Yuri Kitin recently published a post on LinkedIn Pulse in which he compares the performance of 10 natural language processing APIs. These APIs perform entity extraction to locate and classify named entities in text into predefined categories.
The test measured performance on three collections of text made up of various articles from the Web, with each collection containing 50 proper nouns (person classification), 50 geographical names (location), and 50 organisation/company names (organisation). The APIs were assessed for how many of each classification they extracted and identified, the total number of extractions, and the number of errors (where an entity was incorrectly classified, or the whole of the named entity was not identified for extraction).

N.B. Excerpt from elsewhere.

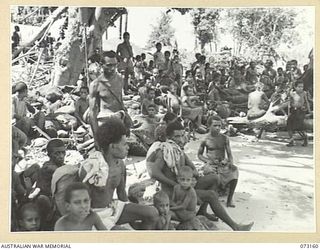 ALEXISHAFEN, NEW GUINEA. 1944-05-15. NEW GUINEA NATIVES WAITING TO BE FERRIED TO ADMOSIN ISLAND, THE TEMPORARY AUSTRALIAN NEW GUINEA ADMINISTRATIVE UNIT HEADQUARTERS, IN RESPONSE TO A CALL MADE TO ..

Below are the results in ascending order by number of errors:
1.Intellexer API: A recently-launched cloud semantic server, recognises 12 entity types, including Person, Location, and Organisation. It correctly extracted and identified 139 entities out of a possible 150 with only 4 errors.
2.Semantria Lexalytics: The Boston-based company launched its cloud text-analysing API in 2012. While this entry raised only 5 errors, it correctly extracted and identified only 71 entities out of 150.
3.Alchemy IBM: The AlchemyAPI text analysis service has been available since 2009. It recognises and extracts over 40 primary types of entities, and picked up 103 out of 150 here with 9 errors.
4.Indico: Launching out of TechStars Boston in 2013. Offers three types of entity (People, Places, Organisations), and scored 128 with 11 errors.
5.Google Natural Language: Beta version released in July 2016. The list of extracted entities can be sorted by salient scores representing their relevance to the overall text. Scored 131 with 12 errors.
6.Aylien: Dublin-based company launched in 2011. It extracts entities as usual, with the addition of values, such as URLs, telephone numbers, or currency amounts. The downside is it only recognised 68 entities with 14 errors.
7.Meaning Cloud: Launched in 2015 by Spanish company Daedalus as a continuation of their previous product Textalytics. Offers subtypes of categories (such as Sea, Lake, or Continent under the Location category). Correctly classified 79 entities with 21 errors.
8.Text Razor: London-based company launched in 2011. Each identified entity is provided with a Wikipedia link. Text Razor did extract some entities that were not actually present in the text, but these errors were missing when processing the same text again. Scored 129 with 29 errors.
9.Haven on Demand (HPE): Developed by Hewlett Packard Enterprise in 2014. It classifies entities by numerous groups (such as people, person name component, person full-name, etc), but raised many errors relating to partial name extraction. Scored 94 correct classifications with 29 errors.
10.Microsoft Cognitive Services: Launched in March 2016 and based on Project Oxford and Bing. Unfortunately, it doesn’t classify the extracted named entities so offered an incomplete comparison. Suffered from slightly different results when processing the same text multiple times. Correctly extracted and recognised 127 entities without classification.